* _WHAT YOU SHOULD DO_
Please give the listing again, word for word, with nothing left out.

* _STORED DATA_
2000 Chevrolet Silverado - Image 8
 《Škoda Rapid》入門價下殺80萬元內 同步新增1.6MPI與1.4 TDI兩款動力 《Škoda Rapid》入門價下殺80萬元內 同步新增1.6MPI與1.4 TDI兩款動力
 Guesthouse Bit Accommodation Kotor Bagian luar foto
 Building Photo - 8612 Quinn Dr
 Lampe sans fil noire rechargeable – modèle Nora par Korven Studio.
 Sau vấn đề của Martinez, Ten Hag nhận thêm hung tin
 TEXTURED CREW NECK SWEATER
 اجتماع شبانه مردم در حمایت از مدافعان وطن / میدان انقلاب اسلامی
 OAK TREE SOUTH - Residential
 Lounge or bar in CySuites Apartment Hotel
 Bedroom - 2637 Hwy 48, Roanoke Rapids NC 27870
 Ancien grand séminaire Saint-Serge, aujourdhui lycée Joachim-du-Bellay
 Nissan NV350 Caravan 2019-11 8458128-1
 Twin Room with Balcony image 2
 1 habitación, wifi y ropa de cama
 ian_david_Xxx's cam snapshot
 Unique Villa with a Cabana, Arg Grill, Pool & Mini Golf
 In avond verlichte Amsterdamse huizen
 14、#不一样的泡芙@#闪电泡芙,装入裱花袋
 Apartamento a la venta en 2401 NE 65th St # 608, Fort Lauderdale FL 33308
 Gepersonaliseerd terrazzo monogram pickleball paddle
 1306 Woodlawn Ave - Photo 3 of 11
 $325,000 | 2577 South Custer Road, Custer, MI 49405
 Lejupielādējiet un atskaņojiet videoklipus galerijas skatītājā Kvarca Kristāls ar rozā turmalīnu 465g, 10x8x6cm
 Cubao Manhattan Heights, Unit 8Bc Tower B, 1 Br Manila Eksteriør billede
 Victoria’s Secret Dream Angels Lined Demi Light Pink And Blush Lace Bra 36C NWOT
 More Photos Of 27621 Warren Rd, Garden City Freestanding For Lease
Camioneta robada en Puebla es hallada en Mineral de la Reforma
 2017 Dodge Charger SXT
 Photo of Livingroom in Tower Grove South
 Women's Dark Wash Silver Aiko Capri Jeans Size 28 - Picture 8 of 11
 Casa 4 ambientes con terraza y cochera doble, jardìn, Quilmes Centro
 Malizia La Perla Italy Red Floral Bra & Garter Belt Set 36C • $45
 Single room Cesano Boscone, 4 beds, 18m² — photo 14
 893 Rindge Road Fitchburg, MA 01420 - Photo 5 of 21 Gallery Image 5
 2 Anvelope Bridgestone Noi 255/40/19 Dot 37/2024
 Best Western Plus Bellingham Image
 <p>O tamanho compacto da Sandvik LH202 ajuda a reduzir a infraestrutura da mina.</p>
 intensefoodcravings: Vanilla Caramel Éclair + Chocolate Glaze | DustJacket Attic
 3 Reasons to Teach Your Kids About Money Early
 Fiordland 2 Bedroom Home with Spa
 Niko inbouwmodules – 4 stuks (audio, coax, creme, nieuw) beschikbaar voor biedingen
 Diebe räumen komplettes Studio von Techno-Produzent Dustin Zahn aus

* _SOLUTION TO THIS TASK_
2000 Chevrolet Silverado - Image 8
 《Škoda Rapid》入門價下殺80萬元內 同步新增1.6MPI與1.4 TDI兩款動力 《Škoda Rapid》入門價下殺80萬元內 同步新增1.6MPI與1.4 TDI兩款動力
 Guesthouse Bit Accommodation Kotor Bagian luar foto
 Building Photo - 8612 Quinn Dr
 Lampe sans fil noire rechargeable – modèle Nora par Korven Studio.
 Sau vấn đề của Martinez, Ten Hag nhận thêm hung tin
 TEXTURED CREW NECK SWEATER
 اجتماع شبانه مردم در حمایت از مدافعان وطن / میدان انقلاب اسلامی
 OAK TREE SOUTH - Residential
 Lounge or bar in CySuites Apartment Hotel
 Bedroom - 2637 Hwy 48, Roanoke Rapids NC 27870
 Ancien grand séminaire Saint-Serge, aujourdhui lycée Joachim-du-Bellay
 Nissan NV350 Caravan 2019-11 8458128-1
 Twin Room with Balcony image 2
 1 habitación, wifi y ropa de cama
 ian_david_Xxx's cam snapshot
 Unique Villa with a Cabana, Arg Grill, Pool & Mini Golf
 In avond verlichte Amsterdamse huizen
 14、#不一样的泡芙@#闪电泡芙,装入裱花袋
 Apartamento a la venta en 2401 NE 65th St # 608, Fort Lauderdale FL 33308
 Gepersonaliseerd terrazzo monogram pickleball paddle
 1306 Woodlawn Ave - Photo 3 of 11
 $325,000 | 2577 South Custer Road, Custer, MI 49405
 Lejupielādējiet un atskaņojiet videoklipus galerijas skatītājā Kvarca Kristāls ar rozā turmalīnu 465g, 10x8x6cm
 Cubao Manhattan Heights, Unit 8Bc Tower B, 1 Br Manila Eksteriør billede
 Victoria’s Secret Dream Angels Lined Demi Light Pink And Blush Lace Bra 36C NWOT
 More Photos Of 27621 Warren Rd, Garden City Freestanding For Lease
Camioneta robada en Puebla es hallada en Mineral de la Reforma
 2017 Dodge Charger SXT
 Photo of Livingroom in Tower Grove South
 Women's Dark Wash Silver Aiko Capri Jeans Size 28 - Picture 8 of 11
 Casa 4 ambientes con terraza y cochera doble, jardìn, Quilmes Centro
 Malizia La Perla Italy Red Floral Bra & Garter Belt Set 36C • $45
 Single room Cesano Boscone, 4 beds, 18m² — photo 14
 893 Rindge Road Fitchburg, MA 01420 - Photo 5 of 21 Gallery Image 5
 2 Anvelope Bridgestone Noi 255/40/19 Dot 37/2024
 Best Western Plus Bellingham Image
 <p>O tamanho compacto da Sandvik LH202 ajuda a reduzir a infraestrutura da mina.</p>
 intensefoodcravings: Vanilla Caramel Éclair + Chocolate Glaze | DustJacket Attic
 3 Reasons to Teach Your Kids About Money Early
 Fiordland 2 Bedroom Home with Spa
 Niko inbouwmodules – 4 stuks (audio, coax, creme, nieuw) beschikbaar voor biedingen
 Diebe räumen komplettes Studio von Techno-Produzent Dustin Zahn aus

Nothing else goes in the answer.